Dr. Kwang-Yul Cha, who has been president of hospitals and research labs in Los Angeles and South Korea, accused Dr. Bruce Flamm of conducting a “bitter personal vendetta” against him after Cha published a 2001 study suggesting that prayer might help women become pregnant.
Flamm stepped up his criticism earlier this year after The Times reported on a new controversy involving a 2005 article in which Cha was listed as the lead author. That article appears to be nearly a paragraph-for-paragraph, chart-for-chart copy of a junior researcher’s doctoral thesis, which appeared in a Korean medical journal nearly two years earlier, according to a Times review of both papers and the findings of a Korean medical society.
In an opinion piece in the March 15 issue of OB/GYN News, Flamm cited a February article in The Times in which Dr. Alan DeCherney, editor of the journal Fertility and Sterility, said the 2005 article appeared to be plagiarized.
Flamm also wrote, referring to the prayer study: “This may be the first time in history that all three authors of a randomized, controlled study have been found guilty of fraud, deception and/or plagiarism.”
One of Cha’s coauthors went to federal prison on unrelated fraud charges. The other pulled his name off the research, saying he had served only as an editorial advisor.
In the lawsuit dismissed Tuesday, Cha’s lawyers wrote that he had not been found guilty of any wrongdoing and that Flamm’s criticism of the prayer paper was “fanaticism bordering on obsession.”
Although Fertility and Sterility retracted the 2005 article because it had been first published in a different journal, DeCherney apologized for his comments about plagiarism, calling them “inaccurate and regrettable.”
Flamm’s lawyers wrote that Cha’s suit “is made solely to stamp out any critical scrutiny of his scientific and academic credentials and techniques and to chill Dr.
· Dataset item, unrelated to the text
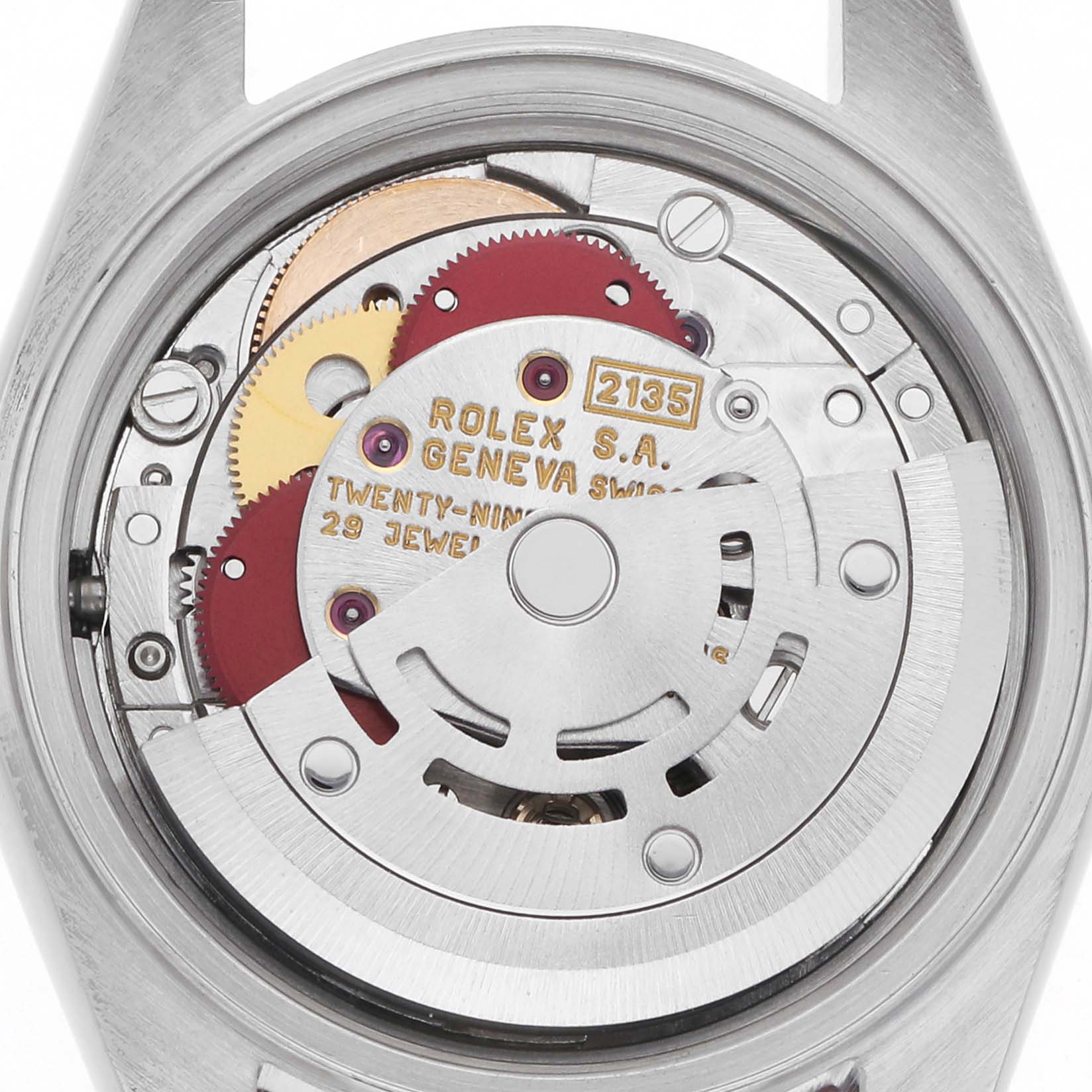 The image shows the movement components of a Rolex Datejust 69173 Women
s Steel and Gold (two tone) Champagne Dial 69173 Women
s Steel and Gold (two tone) Champagne Dial watch from a back view, highlighting the gears and engravings.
Flamm’s exercise of his 1st Amendment rights.”
Ruling from the bench, Judge James R. Dunn cited a state law intended to quash so-called strategic lawsuits against public participation, or SLAPPs. The law is intended to stop lawsuits of questionable merit that could have the effect of limiting discourse on matters of public interest.
“The 1st Amendment is a powerful instrument,” Dunn said.
Cha’s lawyer, Anthony M. Glassman, said his client would carefully consider his options.
Flamm, who works as an obstetrician/gynecologist at Kaiser Permanente in Riverside, called the ruling “a victory for science and academic medicine.”